Rigby Group chief: UK AI strategy ‘disjointed’ as 1.6→6GW data centre target stalls
TL;DR:
- Rigby Group co-CEO Steve Rigby, writing in The Times, argues UK AI sovereignty is being treated as a departmental priority rather than a national strategy.
- Government’s announced ambition to scale UK data centre capacity from 1.6GW to 6GW is “constrained by power”, not demand or capital, requiring grid trade-offs ministers have so far avoided.
- Rigby cites the Joint Committee on the National Security Strategy’s recent finding of “no coherent plan” and calls for AI strategy to sit alongside energy sovereignty as the organising principle of policy.
Rigby — who chairs Family Business UK and runs one of the country’s largest privately held technology services groups — frames AI as a “transformational” capability that will “reshape economies, labour markets and national power”, and argues UK progress to date has been departmentally fragmented. He singles out AI minister Kanishka Narayan as a credible leader but says cross-party engagement and infrastructure commitment are missing.
Context
The data centre figures cited — current UK capacity of around 1.6GW scaling to 6GW under government targets — match the Department for Science, Innovation and Technology’s published trajectory. Industry analysts have repeatedly flagged grid connection queues and substation capacity in the South East as the binding constraint.

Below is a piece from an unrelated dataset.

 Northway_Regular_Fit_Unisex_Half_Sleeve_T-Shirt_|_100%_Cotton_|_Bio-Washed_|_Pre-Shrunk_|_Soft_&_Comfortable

National Grid ESO’s connection reform process is ongoing, and the AI Growth Zones policy launched in 2025 was designed to fast-track sites; Rigby’s argument is that the politics of choosing which projects to displace from the queue have not been faced.
His parallel argument on energy is that the UK approaches the topic “in silos”, citing North Sea production decisions made on net-zero rather than energy-sovereignty grounds. The piece links the two: AI compute requires reliable baseload, and the UK’s compute strategy is bottlenecked at the same point as its industrial electrification strategy.
For UK enterprise readers, the contribution sits alongside the Politico-reported criticism of the EU’s €20bn AI gigafactory plan as a “cathedrals in the desert” risk, and the Pentagon’s recent moves to broaden its AI vendor base. The shared theme: governments are committing AI infrastructure capital faster than they are resolving the power, policy and procurement constraints around it.
Looking forward
The Crime and Policing Bill, the consultation on facial recognition legislation, and the AI Growth Zones programme are all wending through 2026 in parallel. Rigby’s intervention is unusual in that it comes from a private-sector technology services CEO — Rigby Group’s revenue exceeds £4bn — rather than a think tank or trade body, lending it political weight. Whether the government responds with a published cross-departmental AI strategy, or continues to consult discretely through DSIT, will be the test of whether the criticism lands.